Feedback suppression

Vicente González Ruiz & Savins Puertas Martín & Juan José Moreno Riado

February 21, 2026

In this milestone, we’ll solve the problem generated by the recording of the signal emitted by our speakers that is captured by our microphone, generating an unpleasant feedback that difficults our conversation (using InterCom). First, we’ll formalize the problem and then we will explore different solutions, with varying effectiveness and computational requirements.

1 The problem

One of the first problems we encounter with the use of the buffer.py module1 is that, if we don’t use headphones, the sound that comes out of our PC’s (loud)speaker some time later reaches our mic(rophone), and more some time later, that sound reaches our interlocutor (the “far-end” ... in the system we are the “near-end”) in the form of an echo (signal) of its own voice, which is reproduced by his/her speaker, which can be captured again (some time later) by his/her mic and sent it back to us ... and so on, generating a rather unpleasant feedback signal.
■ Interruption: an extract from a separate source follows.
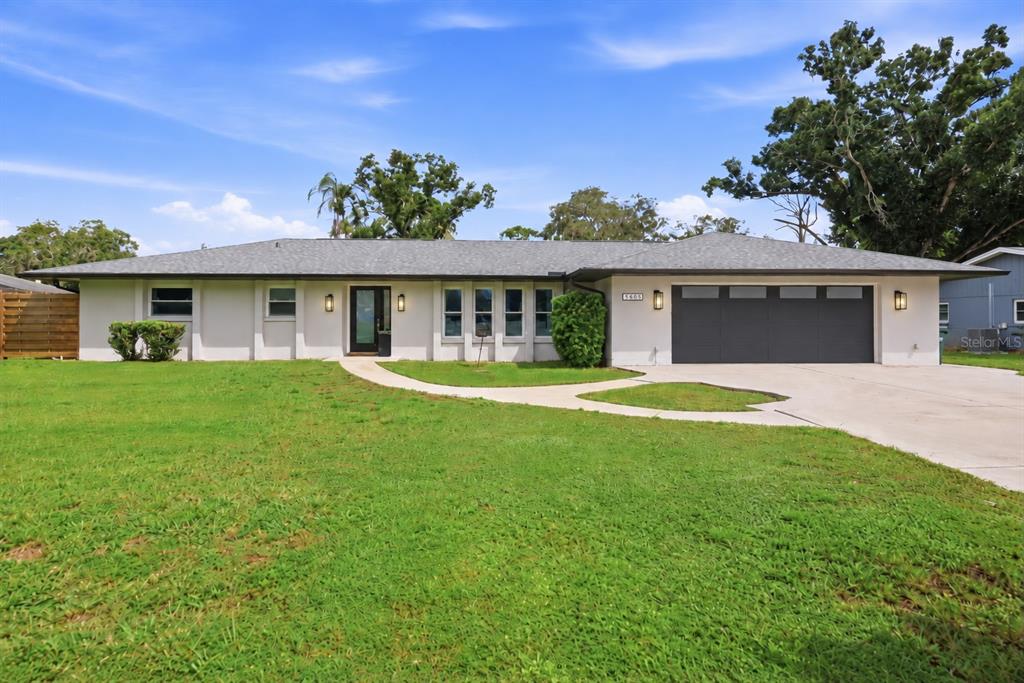 5605 SAWGRASS ROAD, SARASOTA, FL — photo 2 of 30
To formalize the problem, let’s define:

  1. \(s\) the (analog) signal played by our speaker and that reaches our mic,
  2. \(n\) the signal emited by the near-end person (that’s me) that reaches my mic2, and
  3. \(m\) the (mixed) signal recorded by my microphone.

In this situation, we have that

\begin{equation} m(t) = n(t) + s(t), \label {eq:echo_problem} \end{equation}

where \(m(t)\) is the analog audio signal that makes the membrane of our microphone oscillate.

Our problem here is to minimize the energy of \(s(t)\), i.e., to make

\begin{equation} s(t) = 0. \end{equation}

2 The trivial (and most efective) solution

Use a headset. In this case,

\begin{equation} m(t) \approx n(t) \label {eq:headset_solution} \end{equation}

because \(s(t)\approx 0\).

3 The trivial (but unpractical) solution

Decrease the gain of the amplifier of your speaker to do (the energy of) \(s(t)\) as small as possible. Unfortunately, this also decreases the volume of the far-end signal (the voice of our interlocutor) :-/

4 The “simplest” (but ineffective) solution

Lets \(\mathbf m\) the digital version of \(m(t)\), and \({\mathbf m}[t]\) it’s \(t\)-th sample3. In this solution, we send

\begin{equation} \tilde {\mathbf n}[t] = {\mathbf m}[t] - a{\mathbf s}[t-d], \label {eq:simplest} \end{equation}

where \(a\) is an attenuation (scalar) value, and \(d\) represents the delay4 (measured in sample-times) required to propagate the sound waves from our speaker to our mic. We define

\begin{equation} \hat {\mathbf s}[t] = a{\mathbf s}[t-d] \label {eq:minimal_filter} \end{equation}

as the estimated5 feedback signal that reaches our microphone at the same instant of time that the sample \({\mathbf n}[t]\) would have been captured in the ausence of the feedback.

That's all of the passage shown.